I feel
stronger for it. It does not now seem so selfish for me to want what it
is better for John to give. Yes, I must seek what will be best for him."
And so the little one, put on the track of self-sacrifice, began to see
her way clearer, as many little women of her sort do. Make them look on
self-assertion as one form of martyrdom, and they will come into it.
But, for all my eloquence on this evening, the house was built in the
self-same spot as projected; and the family life went on, under the
shadow of Judge Evan's elms, much as if I had not spoken. Emmy became
mother of two fine, lovely boys, and waxed dimmer and fainter; while
with her physical decay came increasing need of the rule in the
household of mamma and sisters, who took her up energetically on eagles'
wings, and kept her house, and managed her children: for what can be
done when a woman hovers half her time between life and death?
At last I spoke out to John, that the climate and atmosphere were too
severe for her who had become so dear to him,--to them all; and then
they consented that the change much talked of and urged, but always
opposed by the parents, should be made.
John bought a pretty cottage in our neighborhood, and brought his wife
and boys; and the effect of change of moral atmosphere verified all my
predictions.

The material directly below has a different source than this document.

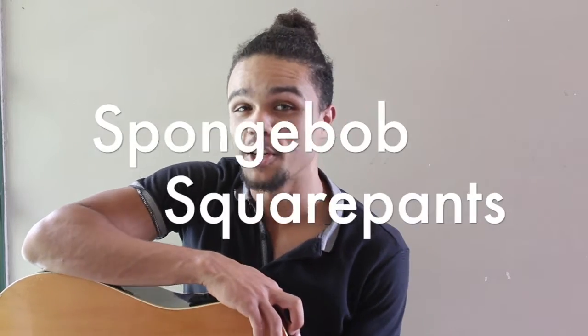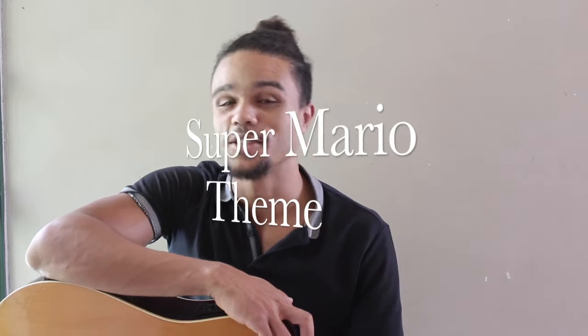Alright Grade 7, so this half of term we've learned three different themes: Spongebob Squarepants, Beverly Hills, and a Mario theme. So we took it from a cartoon to a TV show to a video game — fun stuff.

In a year we had our own blooming, joyous, impulsive little
Emily once more,--full of life, full of cheer, full of energy,--looking
to the ways of her household,--the merry companion of her growing
boys,--the blithe empress over her husband, who took to her genial sway
as in the old happy days of courtship. The nightmare was past, and John
was as joyous as any of us in his freedom. As Emmy said, he was turned
right side out for life; and we all admired the pattern. And that is the
end of my story.
And now for the moral,--and that is, that life consists of two
parts,--_Expression_ and _Repression_,--each of which has its solemn
duties. To love, joy, hope, faith, pity, belongs the duty of
_expression_: to anger, envy, malice, revenge, and all uncharitableness
belongs the duty of _repression_.
Some very religious and moral people err by applying _repression_ to
both classes alike. They repress equally the expression of love and of
hatred, of pity and of anger. Such forget one great law, as true in the
moral world as in the physical,--that repression lessens and deadens.